§ Assignment
Begin at the line below that has "è la fidanzata". Stop after the line that has "Color LCD display", repeating each line exactly and leaving out the pictures.

§ Data
+ + + + +
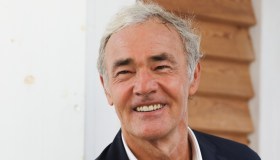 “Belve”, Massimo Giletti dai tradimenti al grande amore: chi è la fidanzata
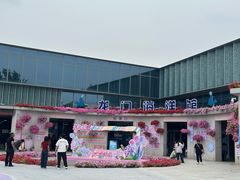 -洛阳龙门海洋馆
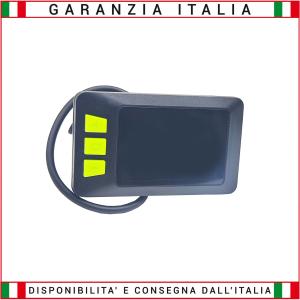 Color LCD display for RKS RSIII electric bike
+ + + + +
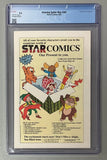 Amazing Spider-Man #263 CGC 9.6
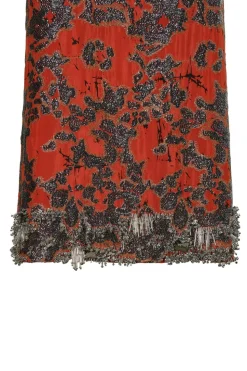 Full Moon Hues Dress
+ + + + +
§ Your solution
 “Belve”, Massimo Giletti dai tradimenti al grande amore: chi è la fidanzata
 -洛阳龙门海洋馆
 Color LCD display for RKS RSIII electric bike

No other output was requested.